Abstractly, each gesture goes:

``````if(gesture 1 is on){
run action associated with gesture 1
if(case to turn off gesture 1) { turn it off }
}
else (if gesture 1 is not on){
if(case to turn on gesture 1) { turn it on and remember the time that this happened }
}
``````

Now I'm imagining javascript function pointers, and each "case to turn on gesture" is a pointer, could be to a variable, or a function, contained in each gesture object. code would feel pretty happy then. Save this for the day Arduinos go beyond C.

# Accelerometer

For a gesture like shaking, we don't need quaternion computed IMU orientation, just simple accelerometer data.

``````int ACCEL_INTERVAL 100 // milliseconds
static unsigned long dAccelLastMillis = 0;
if(millis() > dAccelLastMillis + ACCEL_INTERVAL){
dAccelX = (accelX-lastAccelX);
dAccelY = (accelY-lastAccelY);
dAccelZ = (accelZ-lastAccelZ);
lastAccelX = accelX;
lastAccelY = accelY;
lastAccelZ = accelZ;
}``````

First step is to get the change in the accelerometer between each read period. This takes care of removing the effect of gravity, we'll only be looking at changes to the accelerometer data over time (dx/dt).
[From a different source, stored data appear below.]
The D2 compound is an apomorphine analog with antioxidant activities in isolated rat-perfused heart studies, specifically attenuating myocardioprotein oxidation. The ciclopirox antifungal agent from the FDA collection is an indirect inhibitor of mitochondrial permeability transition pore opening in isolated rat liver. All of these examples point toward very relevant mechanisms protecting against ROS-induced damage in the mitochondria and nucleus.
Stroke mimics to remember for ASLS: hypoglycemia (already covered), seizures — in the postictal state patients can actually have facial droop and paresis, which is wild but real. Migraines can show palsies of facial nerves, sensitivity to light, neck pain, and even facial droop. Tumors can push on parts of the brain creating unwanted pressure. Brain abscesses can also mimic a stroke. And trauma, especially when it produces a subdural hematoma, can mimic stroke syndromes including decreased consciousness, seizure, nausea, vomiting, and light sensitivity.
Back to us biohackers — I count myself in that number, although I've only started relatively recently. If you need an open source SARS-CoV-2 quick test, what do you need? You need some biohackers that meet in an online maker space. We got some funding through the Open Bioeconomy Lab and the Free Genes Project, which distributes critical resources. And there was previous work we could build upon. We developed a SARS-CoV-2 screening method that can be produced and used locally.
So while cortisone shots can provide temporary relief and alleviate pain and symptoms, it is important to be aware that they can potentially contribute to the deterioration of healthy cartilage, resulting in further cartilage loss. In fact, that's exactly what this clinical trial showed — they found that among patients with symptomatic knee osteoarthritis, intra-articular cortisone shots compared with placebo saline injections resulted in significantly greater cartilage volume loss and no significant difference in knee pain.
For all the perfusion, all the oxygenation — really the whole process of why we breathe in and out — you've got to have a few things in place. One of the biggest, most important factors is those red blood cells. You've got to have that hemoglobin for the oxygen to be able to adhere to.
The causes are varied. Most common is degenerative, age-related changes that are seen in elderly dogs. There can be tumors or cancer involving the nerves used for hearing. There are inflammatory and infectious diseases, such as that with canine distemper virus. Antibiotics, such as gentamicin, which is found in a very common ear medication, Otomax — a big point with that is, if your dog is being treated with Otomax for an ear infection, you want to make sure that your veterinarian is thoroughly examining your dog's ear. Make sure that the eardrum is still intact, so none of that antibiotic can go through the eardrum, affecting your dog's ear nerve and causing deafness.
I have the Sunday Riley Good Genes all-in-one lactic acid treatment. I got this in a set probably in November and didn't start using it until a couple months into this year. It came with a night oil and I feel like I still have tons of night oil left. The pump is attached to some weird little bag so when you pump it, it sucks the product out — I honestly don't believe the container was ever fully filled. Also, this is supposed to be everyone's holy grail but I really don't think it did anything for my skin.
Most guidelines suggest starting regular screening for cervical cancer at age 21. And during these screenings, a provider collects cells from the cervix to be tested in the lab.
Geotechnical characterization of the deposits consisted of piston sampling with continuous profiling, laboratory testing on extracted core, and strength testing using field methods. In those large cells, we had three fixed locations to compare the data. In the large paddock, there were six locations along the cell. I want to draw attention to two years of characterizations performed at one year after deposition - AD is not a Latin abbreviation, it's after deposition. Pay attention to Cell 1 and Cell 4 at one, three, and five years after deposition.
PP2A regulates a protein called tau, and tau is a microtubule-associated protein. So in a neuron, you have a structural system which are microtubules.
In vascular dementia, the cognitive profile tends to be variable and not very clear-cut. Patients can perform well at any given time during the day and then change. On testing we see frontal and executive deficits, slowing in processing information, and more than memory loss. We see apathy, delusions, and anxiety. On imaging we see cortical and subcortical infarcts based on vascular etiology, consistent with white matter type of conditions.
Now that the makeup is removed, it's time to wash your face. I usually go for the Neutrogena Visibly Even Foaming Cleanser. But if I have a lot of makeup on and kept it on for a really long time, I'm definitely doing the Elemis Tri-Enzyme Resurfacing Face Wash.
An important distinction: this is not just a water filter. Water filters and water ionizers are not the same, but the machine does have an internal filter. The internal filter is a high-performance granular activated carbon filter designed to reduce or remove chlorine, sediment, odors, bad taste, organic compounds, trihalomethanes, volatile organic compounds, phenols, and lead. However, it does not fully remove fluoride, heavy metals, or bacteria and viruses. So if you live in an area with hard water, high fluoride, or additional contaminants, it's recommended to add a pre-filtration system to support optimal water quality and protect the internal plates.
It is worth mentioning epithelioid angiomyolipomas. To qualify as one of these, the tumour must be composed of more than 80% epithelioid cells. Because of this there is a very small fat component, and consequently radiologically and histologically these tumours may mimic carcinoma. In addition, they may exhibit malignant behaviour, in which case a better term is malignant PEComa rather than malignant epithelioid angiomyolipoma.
``````float D_ACCEL_MARK 0.25
if(!shaking && !growling){
if(dAccelX > D_ACCEL_MARK || dAccelX < -D_ACCEL_MARK ||
dAccelY > D_ACCEL_MARK || dAccelY < -D_ACCEL_MARK ||
dAccelZ > D_ACCEL_MARK || dAccelZ < -D_ACCEL_MARK)
{
if(!motions && (motionsLast + motionsDelayTime) < millis()){
motionsBegin = millis();
motions = true;
}
if(motions){
if(motionsBegin < millis() - 200){
motions = false;
motionsLast = millis();
}
else{
// play motion sound
}
}
}
``````

The gesture that's tied to the accelerometer is wrapped inside a statement that says only do this gesture if these other gestures (shaking and growling) aren't happening, and it's triggered by an acceleration that's one fourth of a G, one quarter the effect of gravity, or about 2.5 m/s^2.

# Conclusions

There are somedays that I feel like my frequency-only piezo-driven sound synthesis is cute in a nostalgic minimalist way (it's actually the worst attempt at sound synthesis ever). Perhaps my favorite take-away was that underneath all this messy code there's the potential for a formal system for managing gesture objects. The trouble is I'm stuck in a simple language running on a micro controller, there's an opportunity to revisit this in another framework and build out this formal system for gesture handling to sensor input.